▶ Given records:
══════════

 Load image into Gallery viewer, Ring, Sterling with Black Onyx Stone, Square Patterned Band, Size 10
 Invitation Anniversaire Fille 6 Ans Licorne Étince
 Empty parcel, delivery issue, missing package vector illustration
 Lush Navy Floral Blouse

══════════

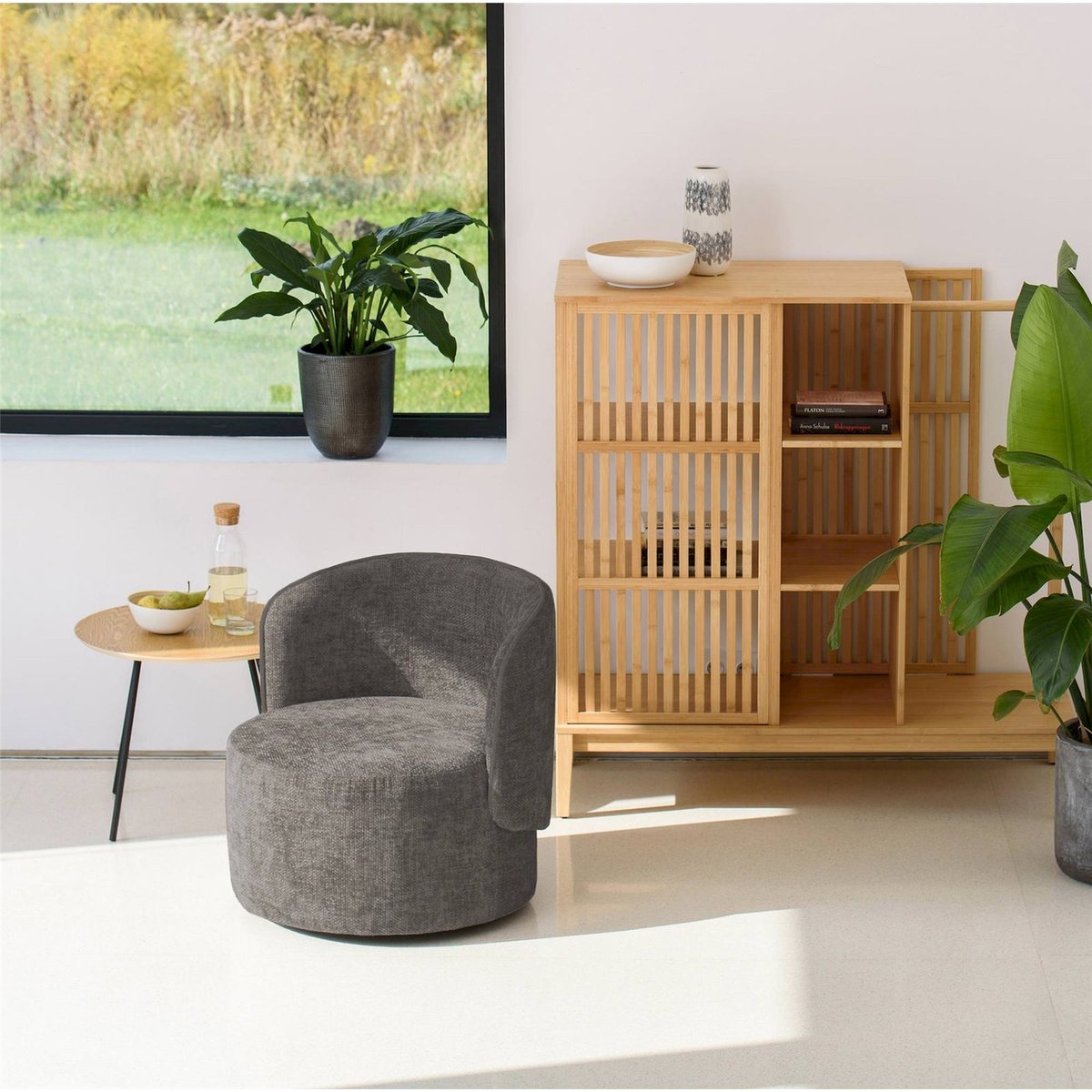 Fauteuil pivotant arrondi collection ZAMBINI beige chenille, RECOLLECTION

══════════

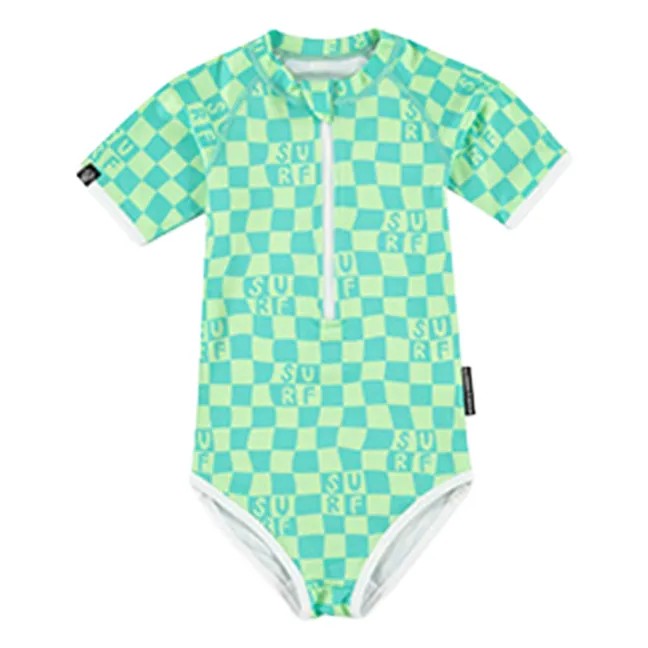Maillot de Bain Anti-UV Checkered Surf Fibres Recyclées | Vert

══════════

▶ What to produce: Your answer should consist of the lines from the line with "Empty parcel, delivery" to the line with "Lush Navy Floral Blouse" above, repeated exactly, both ends included.

▶ Output of the task:
 Empty parcel, delivery issue, missing package vector illustration
 Lush Navy Floral Blouse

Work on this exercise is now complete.